To celebrate this unabashedly tourist moment, Vladimir lit one of the moldy local cigarettes that were presented to him by the Groundhog at the conclusion of lunch. He rolled down a window just as a pair of smiling M&M’s waved their white-gloved hands at him—the personable candies were welded to the side of a streetcar. “Ah!” Vladimir said as the old beast rumbled by. He looked back to the castle still scrolling on the right then back to the waving M&M’s disappearing on the left. He felt unconditionally happy. “Driver, play some music!” he said.
“ABBA’s greatest hits?” the fellow asked. It was a rhetorical question.
“Play ‘Super Trooper,’” Kostya said.
“Oh yes. I like that one,” Vladimir said. A sycamore-scented breeze blew through the car, as the Nordic cuties crooned off the tape deck and the three ex-Soviets bopped along in accents of varying quality. They began to descend, looping around the hill upon which the castle was perched, just as a tram swung the other way, missing them by centimeters. “Fucking Stolovans!” shouted the Chechen.

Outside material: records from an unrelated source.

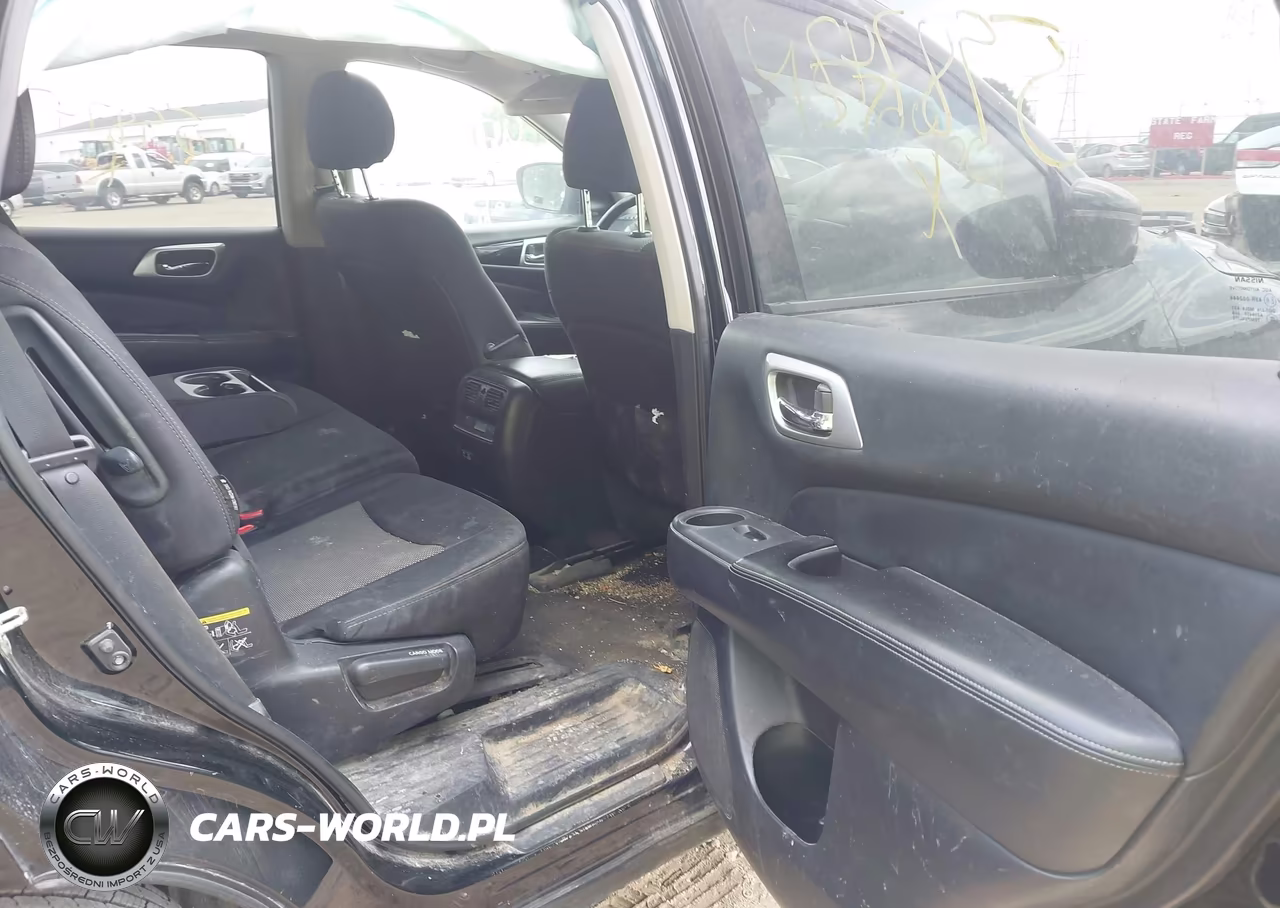 2019 Nissan Pathfinder Sv VIN:5N1DR2MM9KC598747 - 8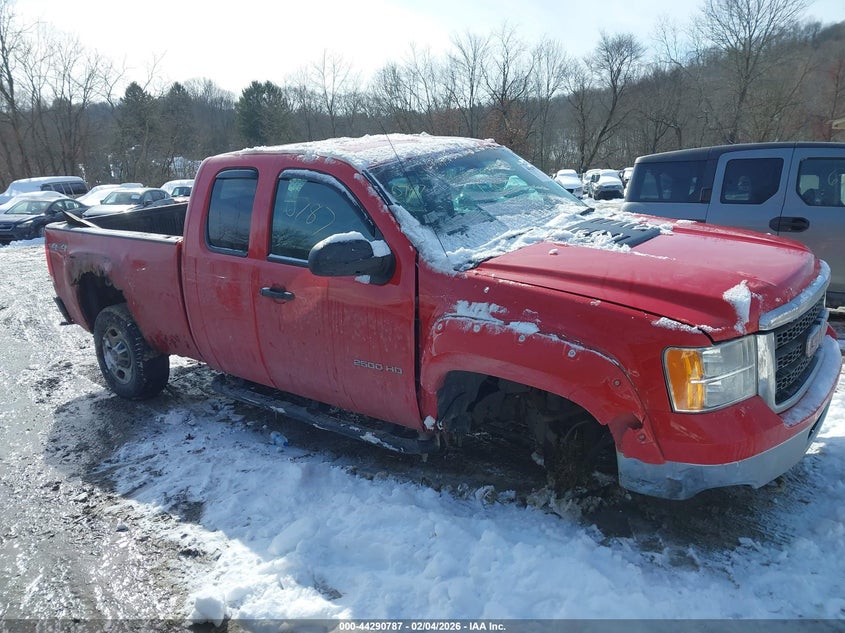 2012 GMC Sierra 2500Hd Work Truck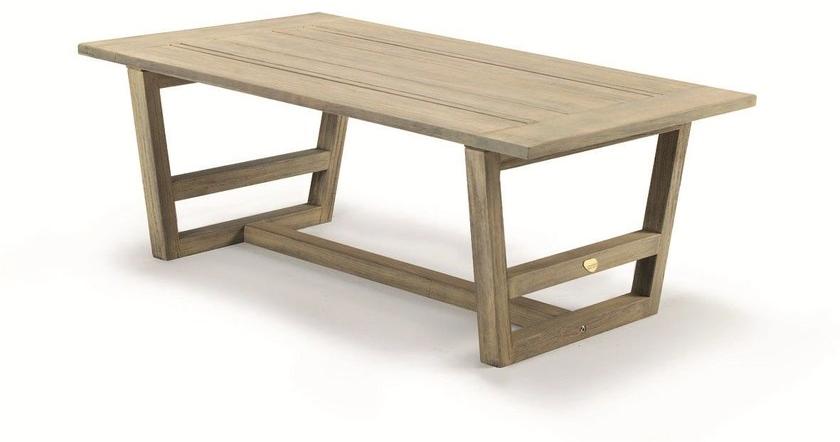 Ethimo Прямоугольный столик для сада из тика Costes Cotr0100 - Вид №2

And then Vladimir looked down. He had picked up the expression “sea of spires” from some travel brochure back at the airport’s tourist office, and while there were certainly golden spires reflecting the late-summer sun in the architectural stew below, it seemed rather partial of the pamphlet to fail to mention the sloping red roofs landsliding down the hill and into the gray bend of water that Kostya pointed out as the Tavlata River. Or the enormous pale-green domes on both sides of the river capping massive Baroque churches. Or the tremendous Gothic powder towers, strategically spread out along the cityscape, like dark medieval guards protecting the town from the usual nonsense that had managed to consume so many European skylines throughout the years.
There was only one incongruous structure, giant and brooding in the background, but it single-handedly managed to cast a shadow over half the city. At first, Vladimir suspected it was an oversized powder tower blackened from years of use… Only… Well… No, one could no longer deny the painful truth. The structure was a kind of giant shoe, a galosh, to be exact. “What is it?” Vladimir shouted to Kostya over ABBA.
“What? You’ve never heard of the Foot?” Kostya shouted back. “It’s quite a funny story, Vladimir Borisovich. Should I tell it?”
“Please, Konstantin Ivanovich,” Vladimir said. He had forgotten how he knew Kostya’s patronymic, but this salt-of-the-earth man was surely the son of an Ivan.